This chapter is the typical good versus evil scenario. The Tucks have come to love Winnie and will protect her against anything. However, they also love mankind and the life cycle that turns like a wheel. They won’t allow anyone to disrupt that cycle.

Chapter 20

The Constable checks the Man in the Yellow Suit and says he’s not yet dead, but implies he will be soon. Mae tells him she hit the Man, because he was going to take Winnie away against her will. Winnie insists also that she wasn’t kidnapped, but had come with them, because she wanted to. She insists that they are her friends. Then, she looks down at the Man in the Yellow Suit and thinks he looks like a marionette, carelessly thrown into the corner, arms and legs every which way amidst its strings. But it is Angus Tuck who is the most fascinating to her as she turns away from the sight of death. He is looking down at the Man almost enviously, like a starving man looking through the window at a banquet. She can’t stand to see him that way and makes him look away.

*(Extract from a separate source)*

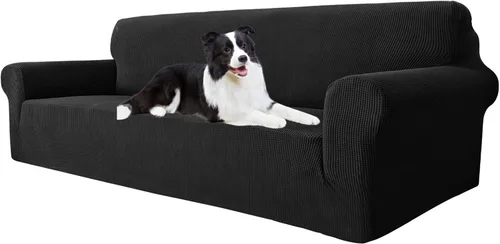 Vista 26 de MAXIJIN Funda súper elástica para sofá de 3 cojines, funda universal de 1 pieza para sofá de sala de estar, protector de muebles de elastano, apto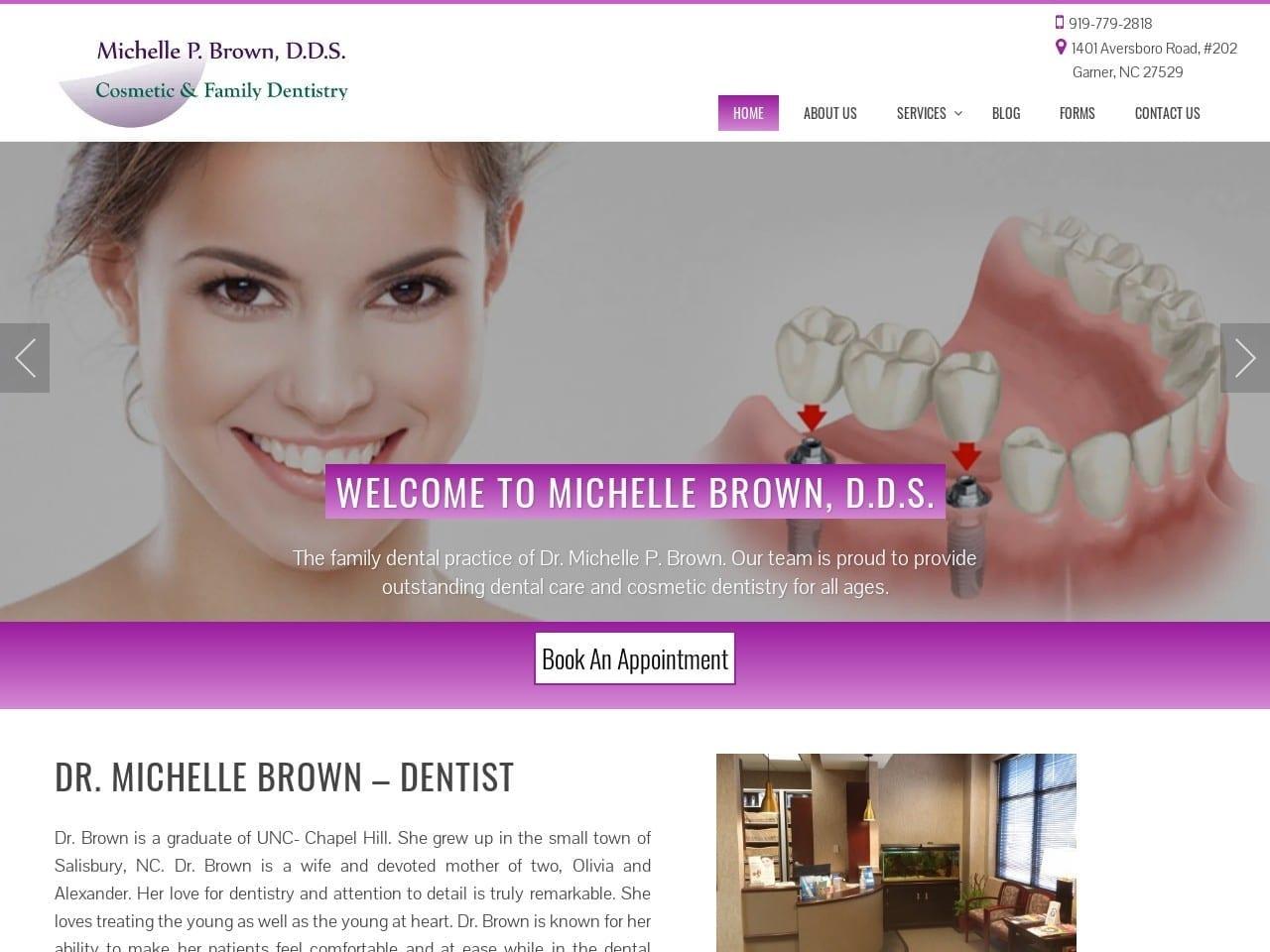Michelle P. Brown D.D.S. P.A. screenshot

The Constable insists that both Mae and Winnie come with him. Mae will be locked up and Winnie will be taken home. The family is devastated to learn that Mae will get the gallows if she’s found guilty. Winnie makes sure that Angus knows that everything will be alright, because the whole wide world is no longer about what might happen to her, but what she herself must keep from happening. She must make sure they do not hang Mae, because she will not be able to die.

Notes

It’s ironic that Winnie thinks of the dying Man as a marionette flung carelessly into a corner, because he was the one who was trying to pull their strings. Now he is without anyone to hold him up. Also, the idea of Mae being hung is not just abhorrent because of what she will experience, but it will also reveal the secret of the spring when she doesn’t die.